◆ TASK INSTRUCTIONS
Write out an exact copy of the line containing "Red Rose Vining Necklace - Rote Rose" and all lines that follow it in the data below, leaving out pictures.

◆ DATASET SECTION
◇ ◇ ◇ ◇

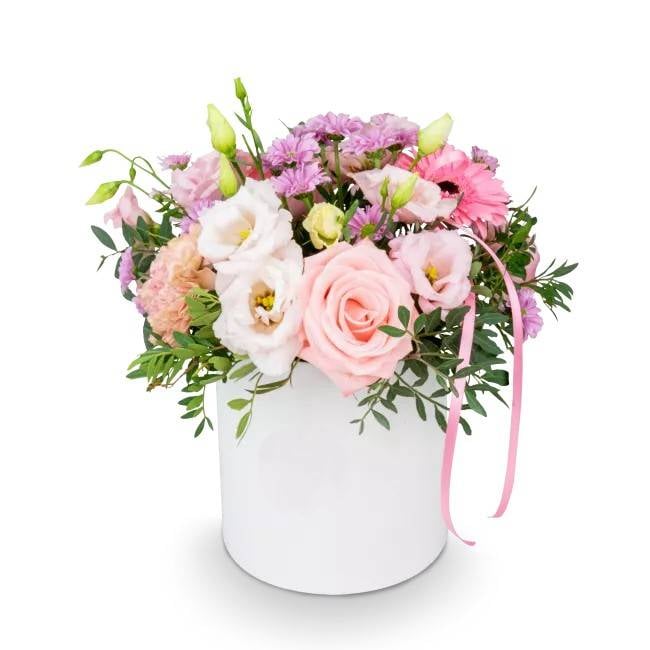 Box of pink flowers – Kalma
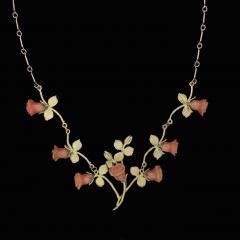 Red Rose Vining Necklace - Rote Rose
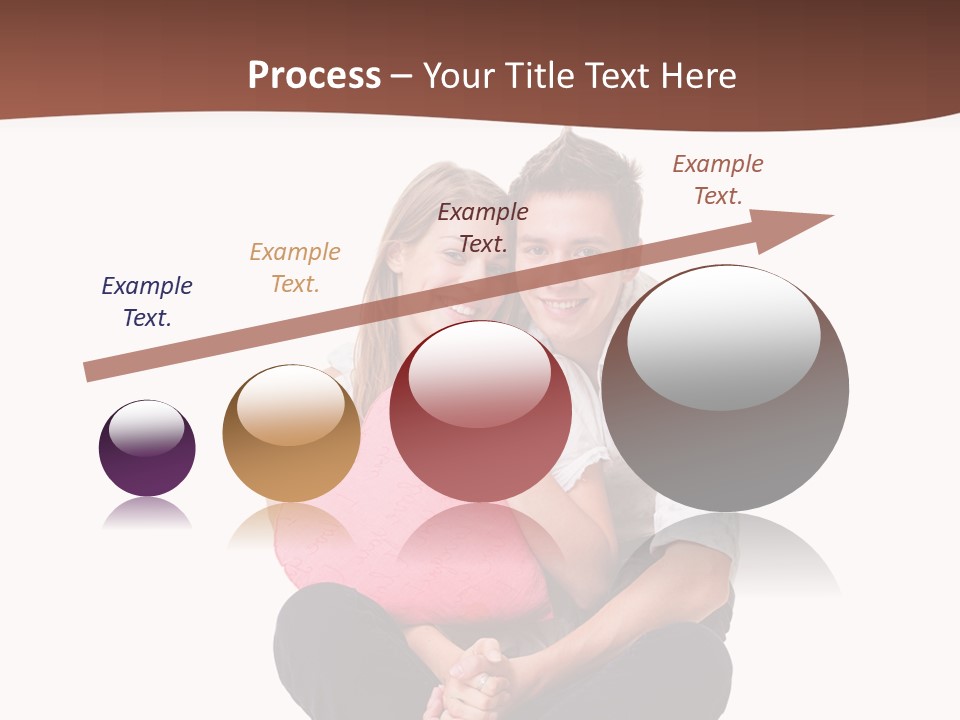 Boy Relationship Smiley PowerPoint Template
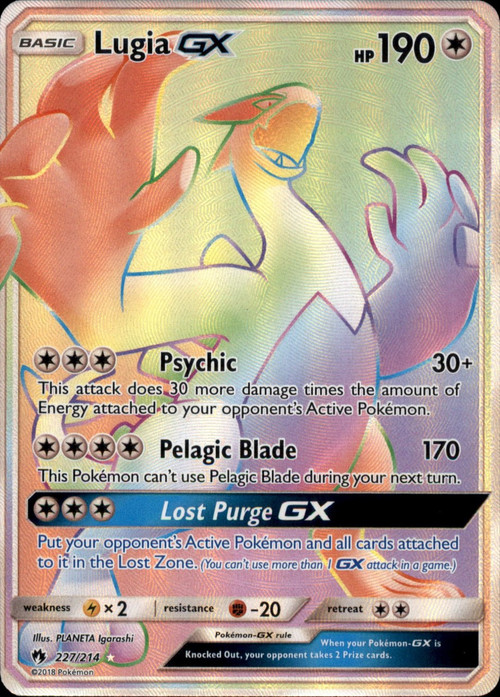 Pokemon Trading Card Game Sun Moon Lost Thunder Single Card Hyper Rare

◇ ◇ ◇ ◇

◆ SOLUTION FOR THIS TASK
 Red Rose Vining Necklace - Rote Rose
 Boy Relationship Smiley PowerPoint Template
 Pokemon Trading Card Game Sun Moon Lost Thunder Single Card Hyper Rare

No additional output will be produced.